- Exterior View
- St.Theresa of Lisieux Church
- Location: Trivandrum, Kerala
- Country: India
- Denomination: Roman Catholic
- Sui iuris church: Latin Church
- Website: vellayambalamparish.org

History
- Status: Parish church
- Dedication: Thérèse of Lisieux
- Consecrated: 1996

Architecture
- Architectural type: Church
- Completed: 26 January 2004; 22 years ago

Specifications
- Capacity: 750 worshippers

Clergy
- Priest: Fr. Dr Gladin Alex

= St. Theresa of Lisieux Catholic Church, Vellayambalam =

Latin Catholic church in Trivandrum, Kerala, India

St. Theresa of Lisieux Catholic Church is a Roman Catholic church in Vellayambalam junction, in the city of Trivandrum, capital of the state of Kerala, India. The church is dedicated to Saint Thérèse of Lisieux and is close to the archbishop's residence and The Raj Bhavan.

==Parish==

The parish of the St. Theresa of Lisieux Catholic Church is under the care of Very Rev. Fr. Dr Gladin Alex DCL.
In addition to being the Parish Priest Fr. Gladin also has the duties of being the Judicial Vicar, Archdiocese of Trivandrum.

==History==

The church started as a small group of people from the areas of Vellayambalam, Sasthamangalam, Kowdiar, and many surrounding areas. The people got together at a small Shed beside the existing church building. At the beginning there used to be Mass in the Malayalam language. Later they had English mass as well.

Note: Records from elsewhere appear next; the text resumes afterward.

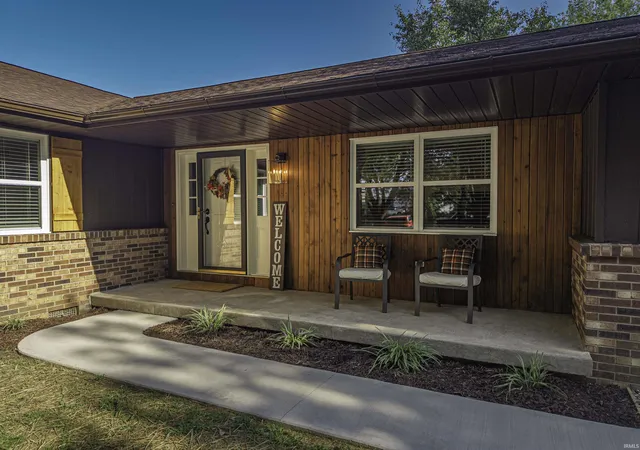 Photo 2 of Sale Pending at 11318 Boberg Rd, Evansville, IN 47712 | MLS# 202638943 | Listing updated on 2026-10-20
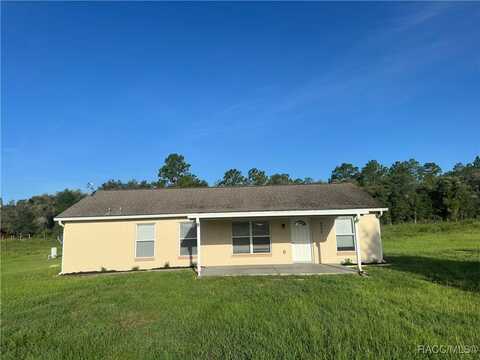 6490 SE 143rd Court, Morriston, FL 32668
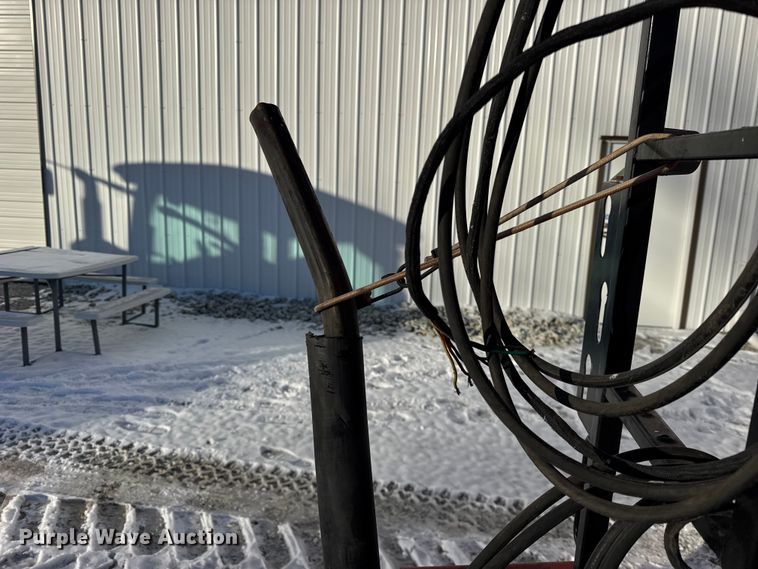 image for item YA2023 Brent 1082 grain cart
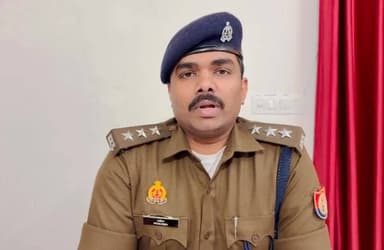 #बांदा थाना चिल्ला क्षेत्रांतर्गत एक अज्ञात वाहन द्वारा एक व्यक्ति के साथ एक्सीडेंट होने की सूचना प्राप्त हुई इस संबंध ...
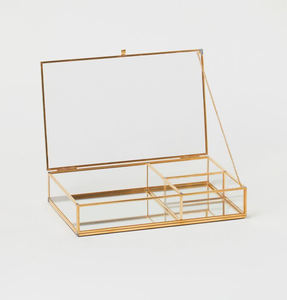 Caja organizadora de joyas de metal diseñada para combinar un atractivo estético refinado con una funcionalidad práctica de almacenamiento - Product Image 3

To this day this continues. There is English Mass Every Sunday after the Malayalam Mass. After the year 2000 the parishioners decided to build a new church building. The number of people arriving for mass was more than what could be accommodated in the shed that was used. With the donations and efforts of many people, they constructed a new church.